The recent decision holds that John Yoo cannot be sued because although today the practices to which he gave a blessing are acknowledged as torture, this was allegedly not beyond dispute between 2001 and 2003, when he gave his advice to the government. There is a lot of sophistry in the decision. The best the judges can provide in support is a 1978 decision of the European Court of Human Rights describing certain repulsive techniques of abuse as “inhuman or degrading treatment” rather than as torture. The decision has a smell of the argument that Nazi judges and prosecutors invoked at Nuremberg when they were charged with crimes against humanity for, in effect, applying the law. They were convicted by an American military tribunal following a trial made famous in the Abby Mann play and Stanley Kramer film Judgment at Nuremberg. The standard applied by American judges then was whether the law being applied was manifestly unlawful. The torture memos easily fail that test.

Immunity is a dangerous concept because it encourages the amorality of certain judges and policy-makers, including those who counseled the Bush Administration. Like the Nazi magistrates, they needed to ask if the treatments they were promoting were manifestly unlawful. Whether the yardstick is the Eighth Amendment to the Constitution (“cruel and unusual punishment”) or Article 5 of the Universal Declaration of Human Rights (“torture and cruel, inhuman or degrading treatment or punishment”) makes no difference.

5. In the past year, the United States, while declining to join or offer direct support to the ICC, has sought to enlist the ICC as a foreign-policy tool—pressing for the prosecution of Qaddafi and his inner circle, for criminal charges in Sudan and Kenya, and now in Syria against the Assad regime. Is this fresh wind in the ICC’s sails or a challenge to its credibility?

Although it is not going to join the court anytime soon, the United States has become a keen supporter of its activities. That is because the court’s behavior in its early years convinced Washington that none of its vital interests were threatened. This is mainly the achievement of the court’s prosecutor, Luis Moreno-Ocampo. He has quietly provided assurances to the United States government (as some WikiLeaks documents demonstrated) while at the same time refusing to investigate serious violations perpetrated in places like Iraq and Gaza.

Those who see U.S. support as crucial to the prosperity of the court are delighted. But there is a price to pay. This is a bit of a zero-sum game.
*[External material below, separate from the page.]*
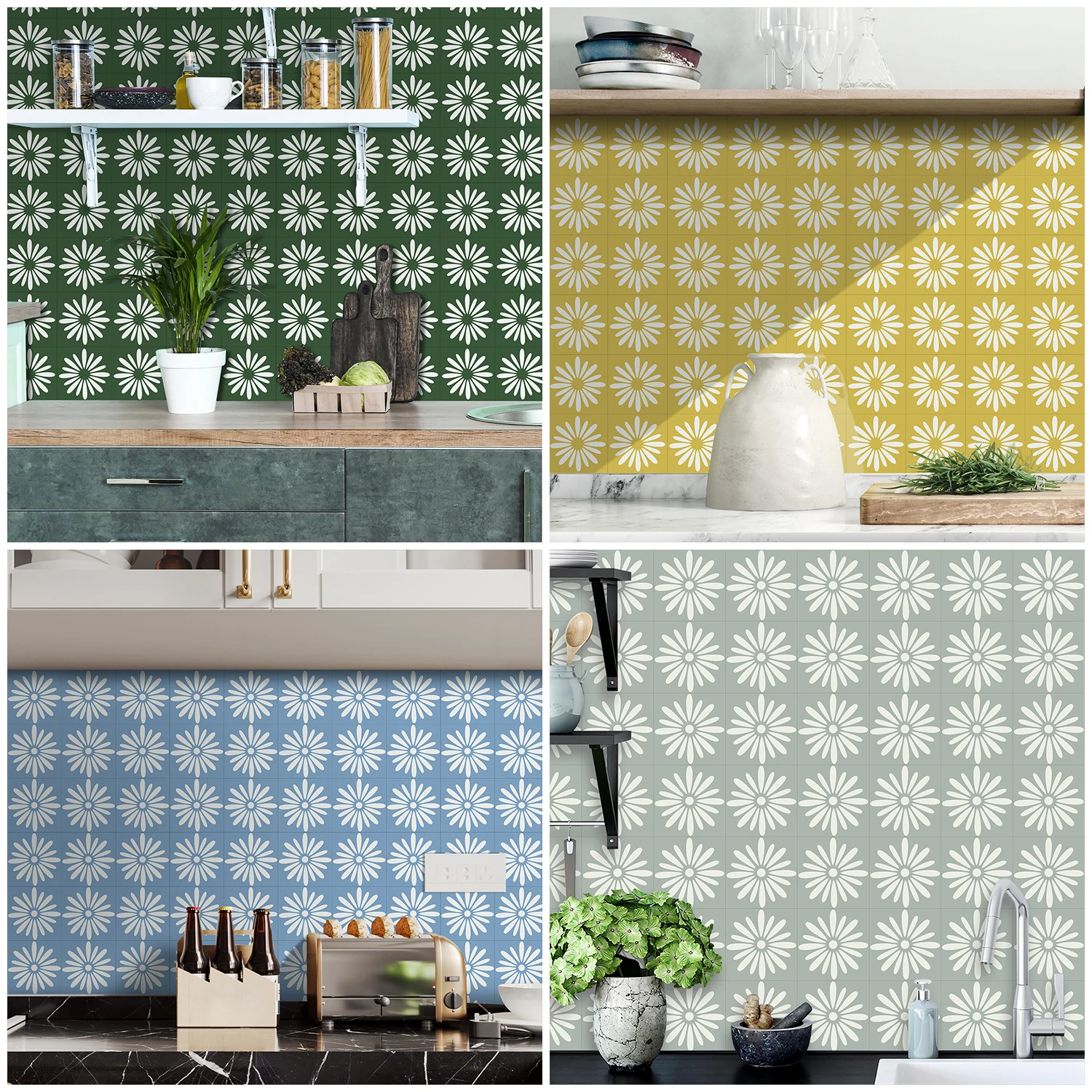 10 unids/set de pegatinas de azulejos de superficie mate de Margarita de estilo fresco, mesas de armario de cocina, calcomanías artísticas impermeables para pared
The more enthusiastic the United States becomes, the more lukewarm support for the court becomes in other parts of the world, particularly Africa.

6. The crime of genocide, which sits at the heart of your book, has become a sore point for many international criminal-law experts, who argue that the label is too frequently abused and difficult to invoke properly. They urge us to avoid its use and instead speak of “atrocity crimes.” Is this concern well-founded?

Genocide is a word with great rhetorical power, as former secretary of state Madeleine Albright and former secretary of defense William Cohen noted in a 2008 report. They criticized academic lawyers like myself for insisting upon precise definitions, arguing that such pedantry inhibited mobilization of a robust response to atrocities.

But there is an agenda at work in this blurring of the lines. Albright and Cohen were promoting a message of intervention, including military intervention, to prevent atrocity crimes. That’s fine, providing there is general agreement at the international level, consistent with the Charter of the United Nations. Their idea was that even if international consensus were absent, it would be acceptable to send in the Marines, because “genocide” needs to be prevented. They wanted to redefine genocide so it would cover a much broader range of atrocities and human rights violations. In practice, they wanted a blank check for unilateral military intervention on the pretext of preventing humanitarian disasters.